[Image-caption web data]
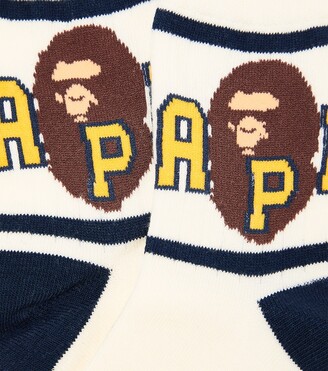 Bape Kids Printed cotton-blend socks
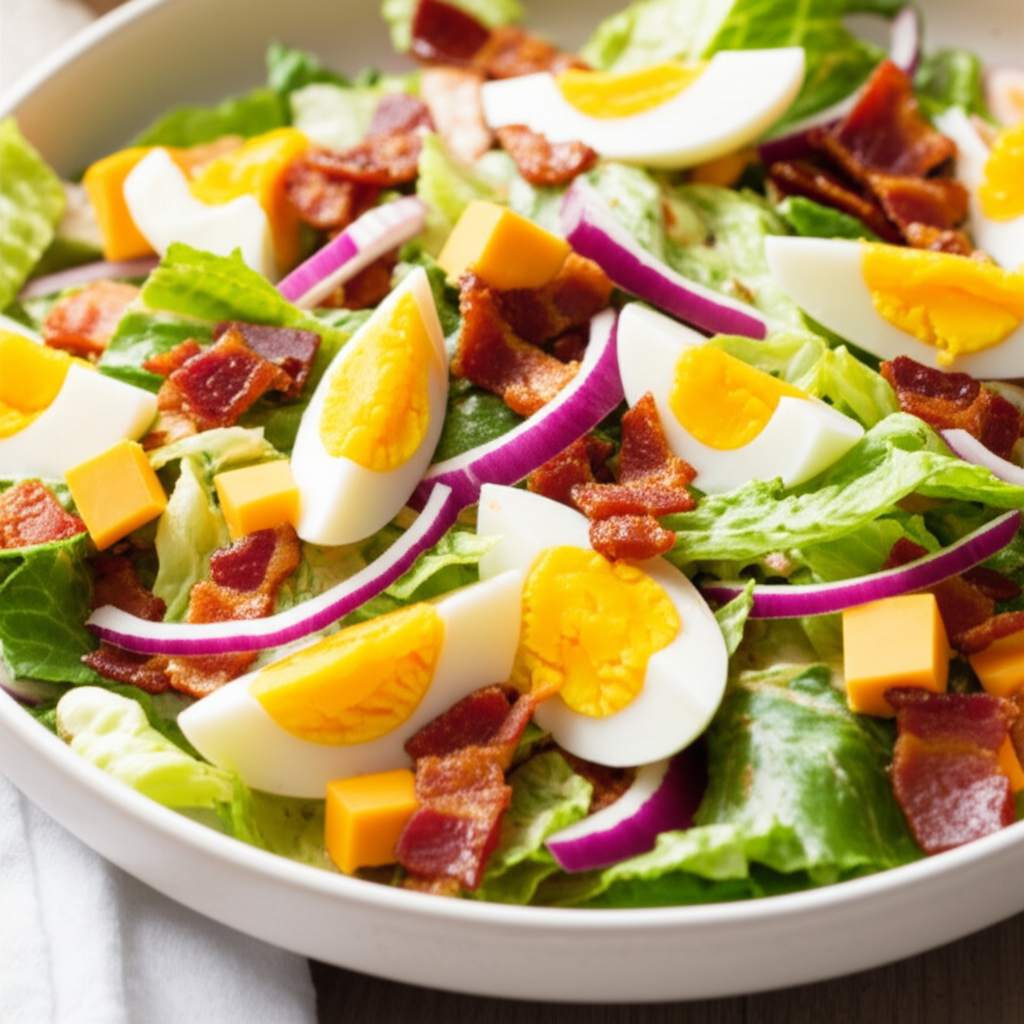 Bacon Swiss Lettuce Salad image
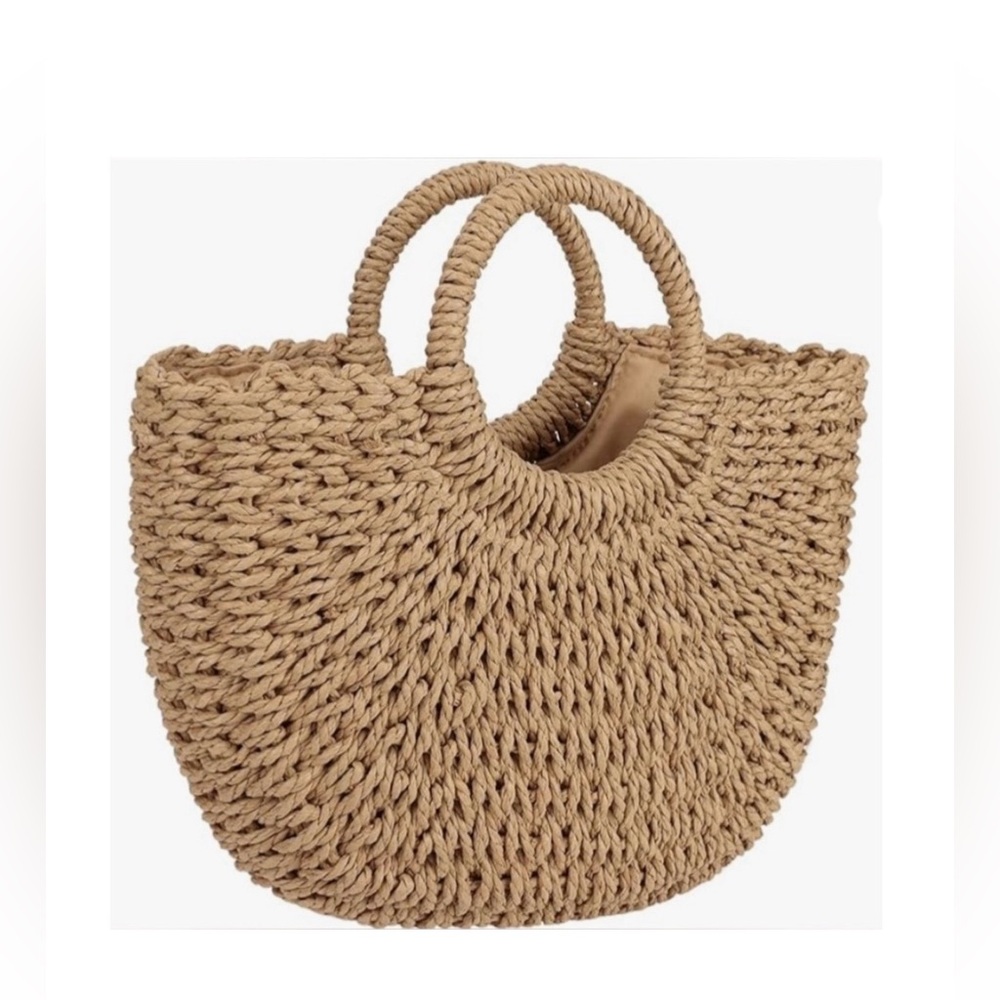 NEW Women's Handwoven Straw Bag / Purse / Handbag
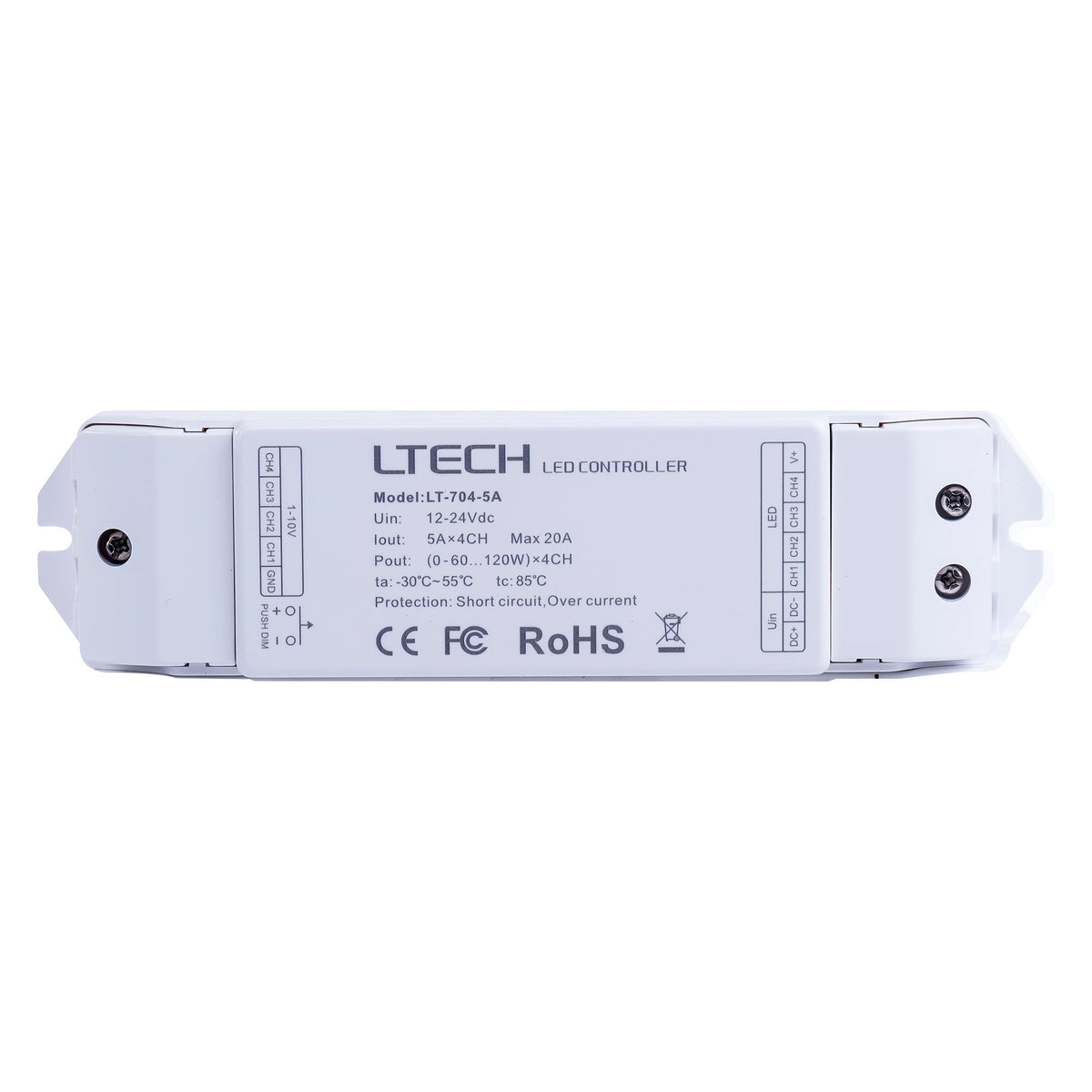 0-1/10V RGBW LED Strip Controller - HV9106-LT-704-5A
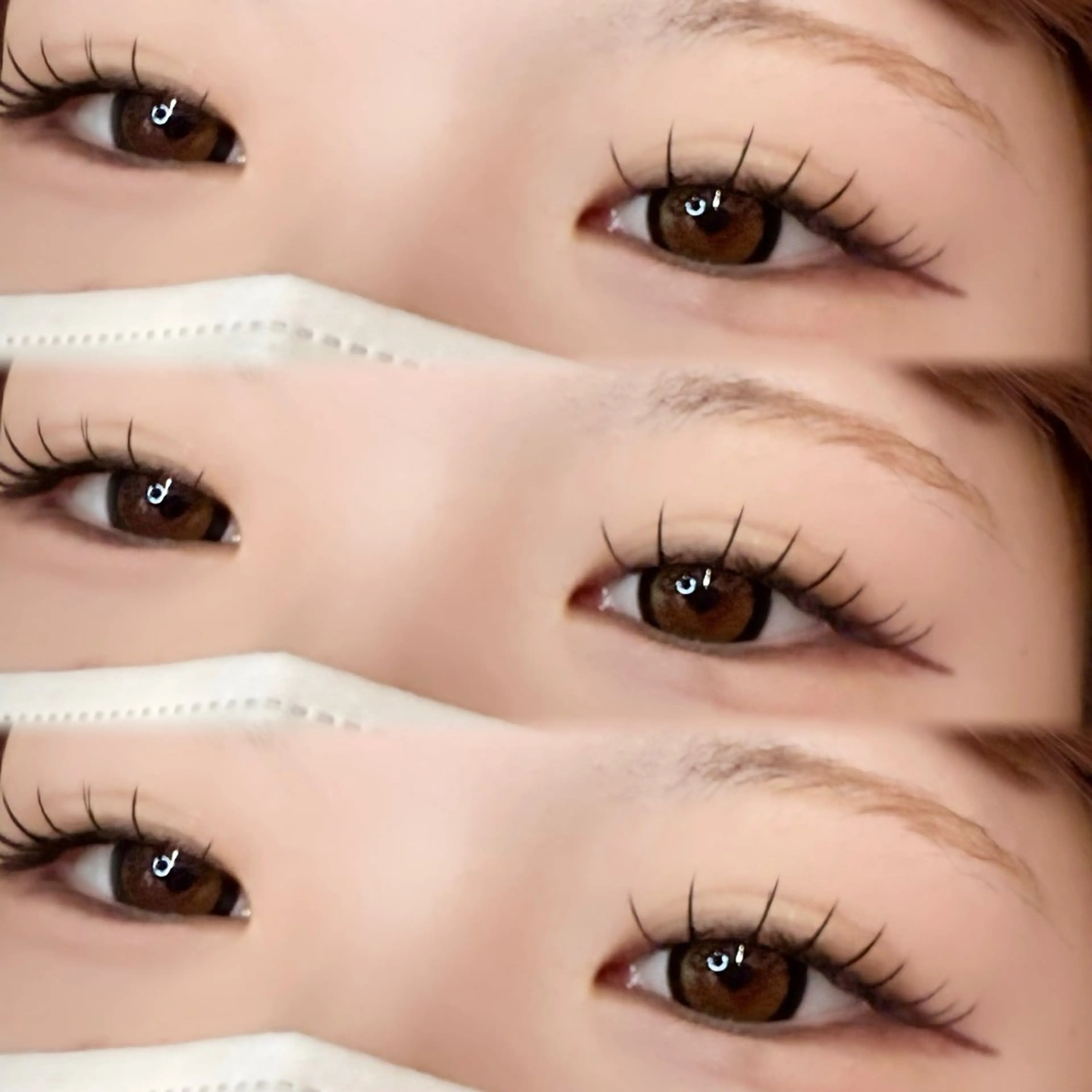 マツエク・マツパ 束感まつ毛 フラットラッシュ マツエク fein.Ruka ♡垢抜け美眉の眉毛・アイブロウイメージ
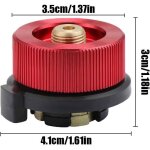 Connecteur pour rchaud de camping 2 adaptateurs de gaz de camping adaptateur pour bouteille de gaz connecteur ...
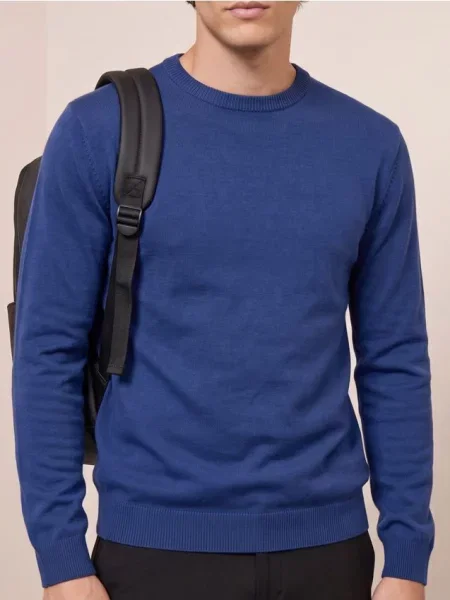 Sinsay svetr basic modrá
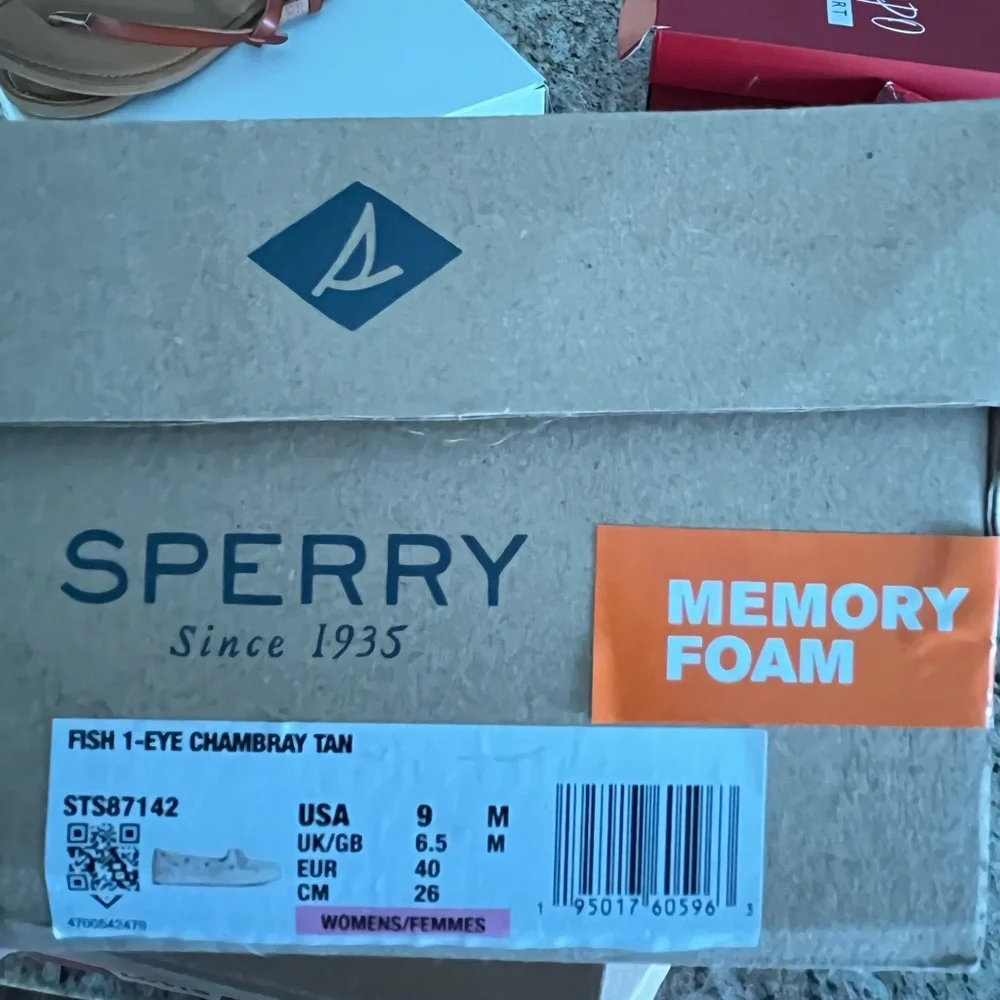 Sperry Kids' Light Gray Moccasins - Picture 3 of 3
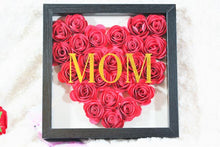 Load image into Gallery viewer, MOM Personalized Shadowbox with Paper Flowers | Mother's Day Gift | Birthday Gift | Anniversary Gift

*How to complete this task*:
The lines wanted are those from the one with "Bacon Swiss Lettuce Salad image" to the end of the entries above, repeated exactly, both ends included. Leave out the pictures.

*Completed exercise*:
 Bacon Swiss Lettuce Salad image
 NEW Women's Handwoven Straw Bag / Purse / Handbag
 0-1/10V RGBW LED Strip Controller - HV9106-LT-704-5A
 マツエク・マツパ 束感まつ毛 フラットラッシュ マツエク fein.Ruka ♡垢抜け美眉の眉毛・アイブロウイメージ
 Connecteur pour rchaud de camping 2 adaptateurs de gaz de camping adaptateur pour bouteille de gaz connecteur ...
 Sinsay svetr basic modrá
 Sperry Kids' Light Gray Moccasins - Picture 3 of 3
 Load image into Gallery viewer, MOM Personalized Shadowbox with Paper Flowers | Mother's Day Gift | Birthday Gift | Anniversary Gift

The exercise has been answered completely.